Primary LanguagePython

TIMME

Data Updates on 7 March 2021: Text provided

We proide the tweet IDs the P_all accounts posted on Box. Besides, considering that it was collected long time ago, thus some tweets are no longer available on Twitter, we provide the pure text content (grouped by account IDs) as a zipped file as well.

Introduction

This repository contains the code implementation and the data of TIMME: Twitter Ideology-detection via Multi-task Multi-relational Embedding. The paper is in proceedings of KDD'20, Applied Data Science Track.

Please cite our paper to use the dataset or the code.
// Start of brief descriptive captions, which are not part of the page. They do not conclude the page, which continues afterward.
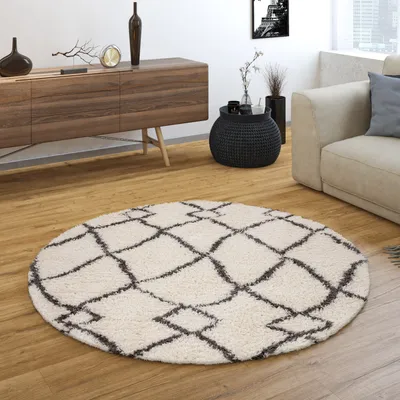 Produktbild von TT Home Wohnzimmerteppich Hochflor Langflor Mit Fransen Skandinavischer Stil Abstrakt Größe 200 cm Rund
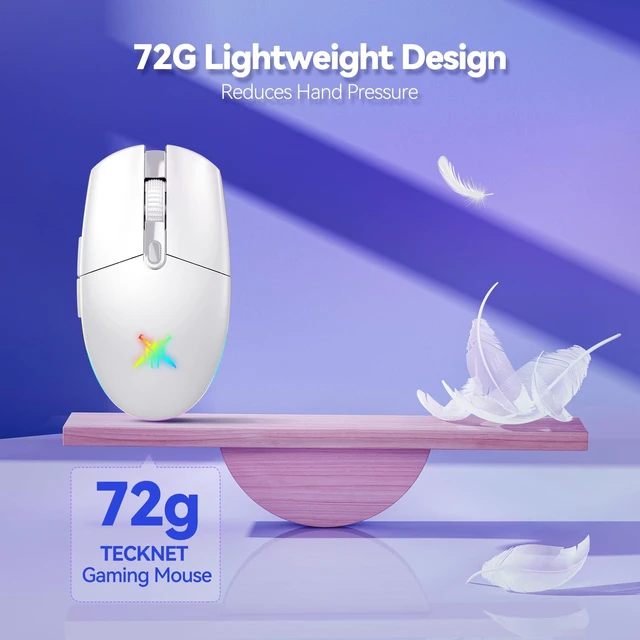 Alt view image 7 of 7 - Wireless Gaming Mouse 8000 DPI RGB Backlit Rechargeable Mouse-White | 6 Programmable Buttons, 100Hrs Battery, Dual Mode(2.4G + USB-C), Ergonomic Design for Laptop, PC, Mac and Gaming Setup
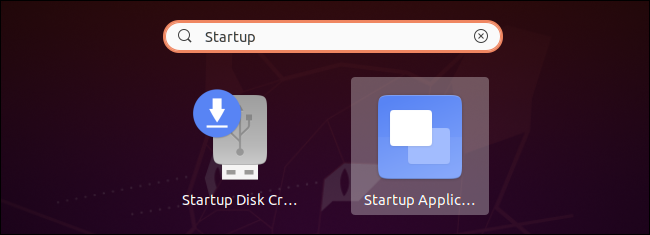 Iniciando a ferramenta de aplicativos de inicialização no Ubuntu.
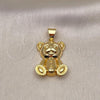 Oro Laminado Fancy Pendant, Gold Filled Style Teddy Bear Design, Polished, Golden Finish, 05.342.0209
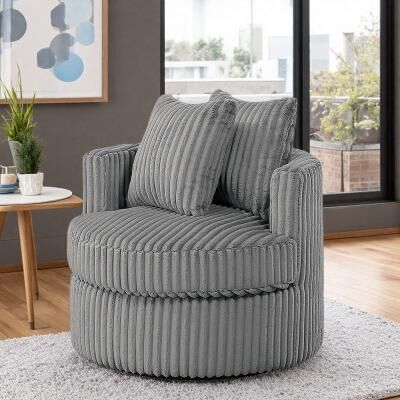 "33"" Corduroy Swivel Accent Chair with Fur-Like Texture and Rounded Base and Removable Seat Cushion"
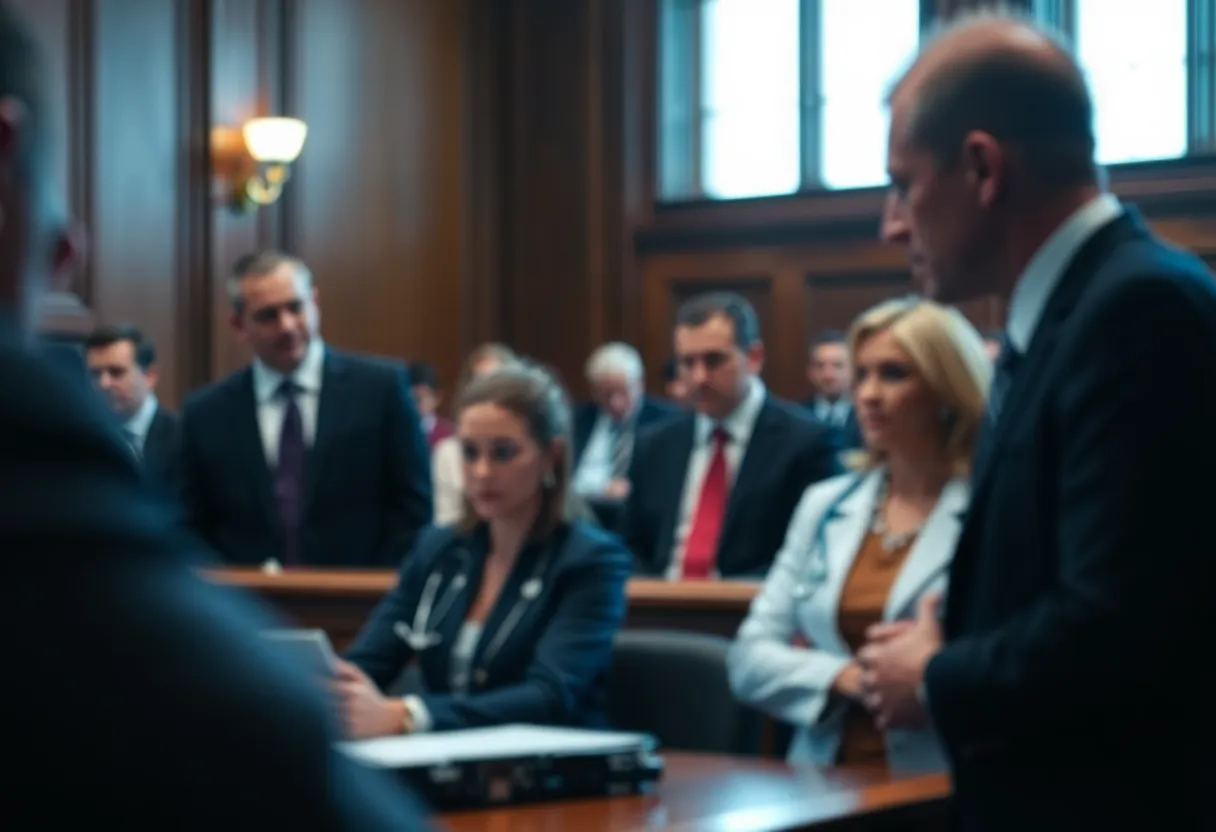 Courtroom scene representing a lawsuit between Berkshire Hathaway and Medsurg Consultants.
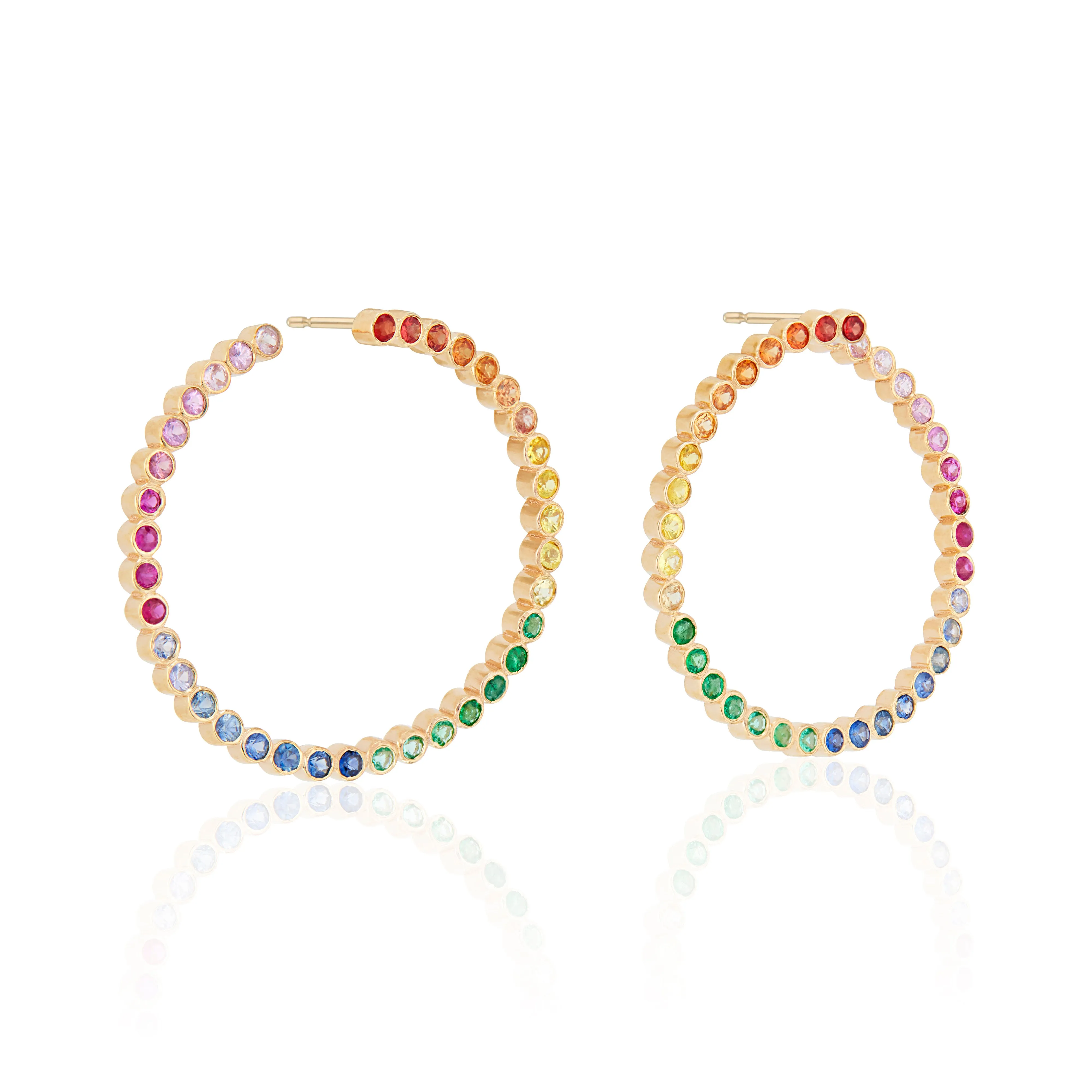 Rainbow Sapphire Hoops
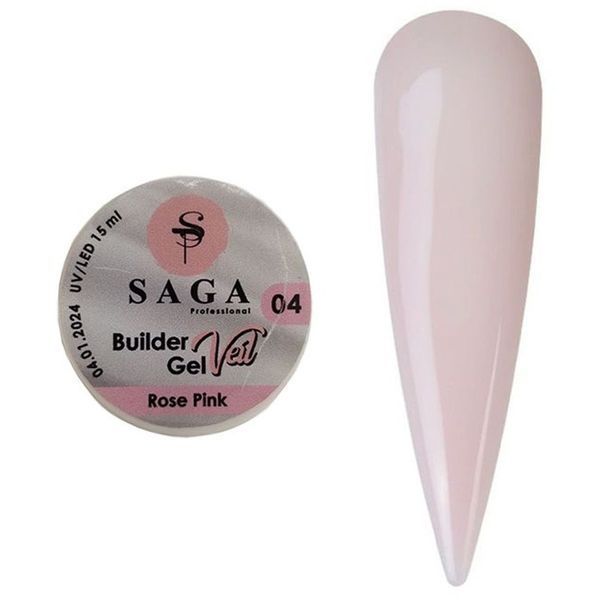 Гель для нарощування SAGA Builder Gel Veil, Rose Pink №4 N01939 фото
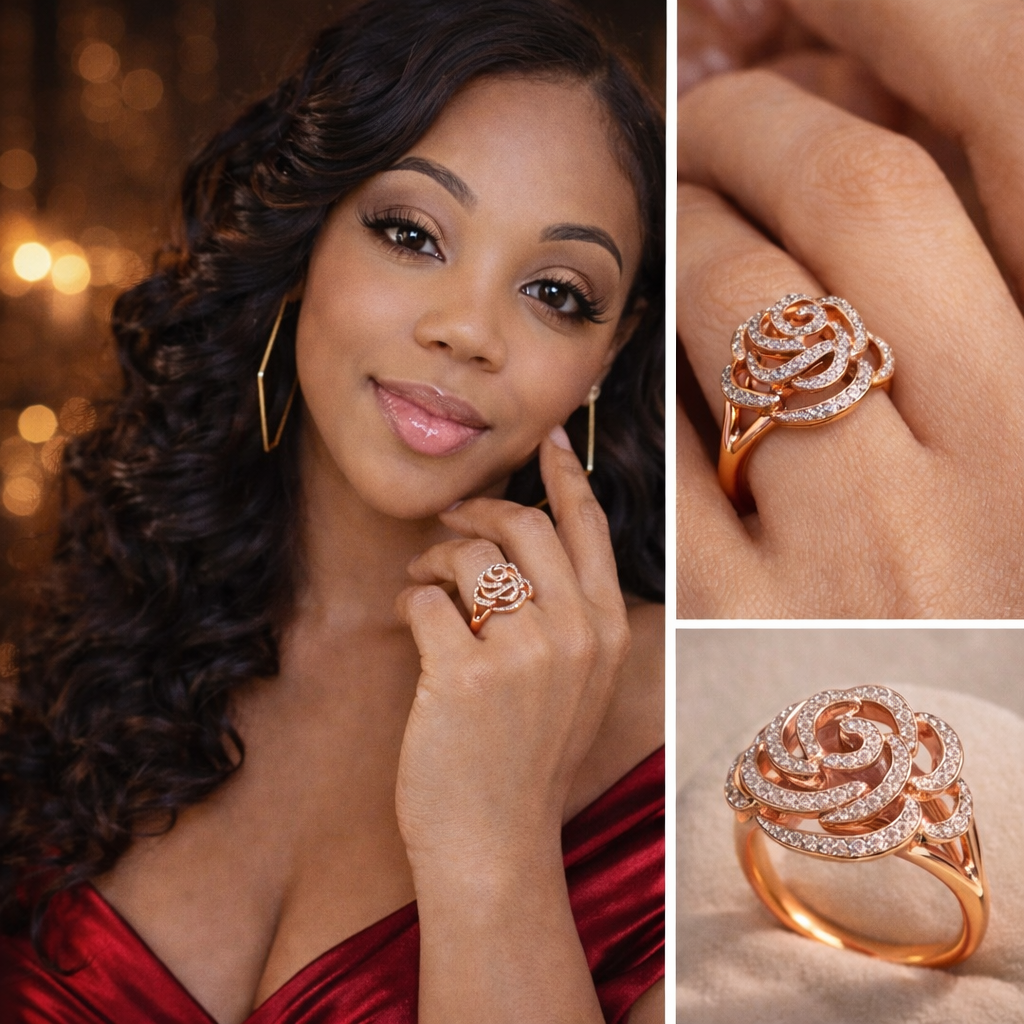 The Sovereign Rose Diamond Ring – Royal Bloom Edition
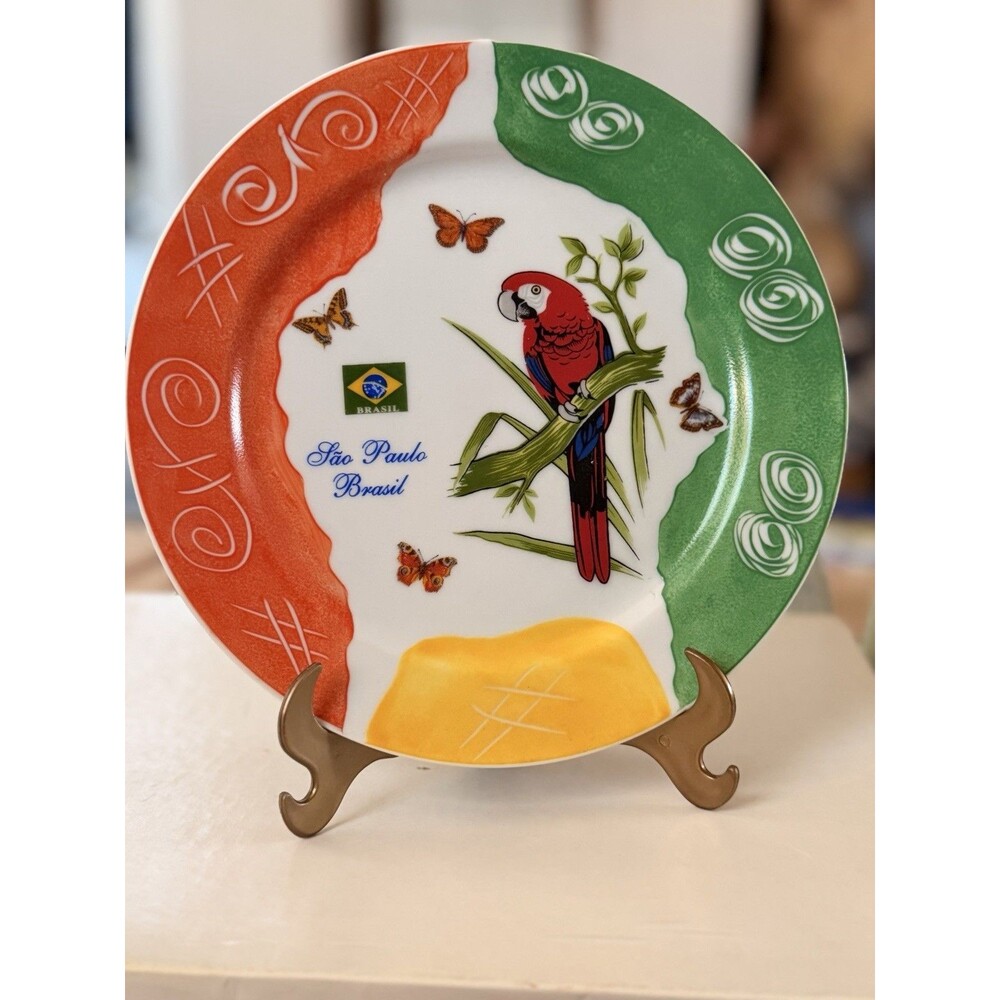 Vintage Germer Porcelanas Brazil Plate Hand Painted Sao Paulo Macaw Parrot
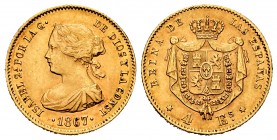 Elizabeth II (1833-1868). 4 escudos. 1867. Madrid. (Cal-691). Au. 3,38 g. Choice VF. Est...160,00. 


SPANISH DESCRIPTION: Isabel II (1833-1868). 4...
Published version available at ACM Digital Library. Shown on their website you can cite us as:

@inproceedings{10.1145/3394486.3403275,
author = {Xiao, Zhiping and Song, Weiping and Xu, Haoyan and Ren, Zhicheng and Sun, Yizhou},
title = {TIMME: Twitter Ideology-Detection via Multi-Task Multi-Relational Embedding},
year = {2020},
isbn = {9781450379984},
publisher = {Association for Computing Machinery},
address = {New York, NY, USA},
url = {https://doi.org/10.1145/3394486.3403275},
doi = {10.1145/3394486.3403275},
abstract = {We aim at solving the problem of predicting people's ideology, or political tendency. We estimate it by using Twitter data, and formalize it as a classification problem. Ideology-detection has long been a challenging yet important problem. Certain groups, such as the policy makers, rely on it to make wise decisions. Back in the old days when labor-intensive survey-studies were needed to collect public opinions, analyzing ordinary citizens' political tendencies was uneasy. The rise of social medias, such as Twitter, has enabled us to gather ordinary citizen's data easily. However, the incompleteness of the labels and the features in social network datasets is tricky, not to mention the enormous data size and the heterogeneousity. The data differ dramatically from many commonly-used datasets, thus brings unique challenges. In our work, first we built our own datasets from Twitter. Next, we proposed TIMME, a multi-task multi-relational embedding model, that works efficiently on sparsely-labeled heterogeneous real-world dataset. It could also handle the incompleteness of the input features. Experimental results showed that TIMME is overall better than the state-of-the-art models for ideology detection on Twitter. Our findings include: links can lead to good classification outcomes without text; conservative voice is under-represented on Twitter; follow is the most important relation to predict ideology; retweet and mention enhance a higher chance of like, etc. Last but not least, TIMME could be extended to other datasets and tasks in theory.},
booktitle = {Proceedings of the 26th ACM SIGKDD International Conference on Knowledge Discovery \& Data Mining},
pages = {2258–2268},
numpages = {11},
keywords = {social network analysis, ideology detection, graph convolutional networks, heterogeneous information network, multi-task learning},
location = {Virtual Event, CA, USA},
series = {KDD '20}
}

Or, if you prefer citing ArXiv Preprint:

@article{xiao2020timme,
  title={TIMME: Twitter Ideology-detection via Multi-task Multi-relational Embedding},
  author={Xiao, Zhiping and Song, Weiping and Xu, Haoyan and Ren, Zhicheng and Sun, Yizhou},
  journal={arXiv preprint arXiv:2006.01321},
  year={2020}
}

Presentation videos are on my personal website. Note that I was doing live presentation during the conference session, so you might find the pre-recorded video's content slightly different from the live version.

Typos in the Paper

Figure 9 typo

Figure 9 (one of the ablation studies): instead of being F1, it should be ROC-AUC score shown in the graph. It is link-prediction task performance, for link-prediction we only use ROC-AUC and PR-AUC.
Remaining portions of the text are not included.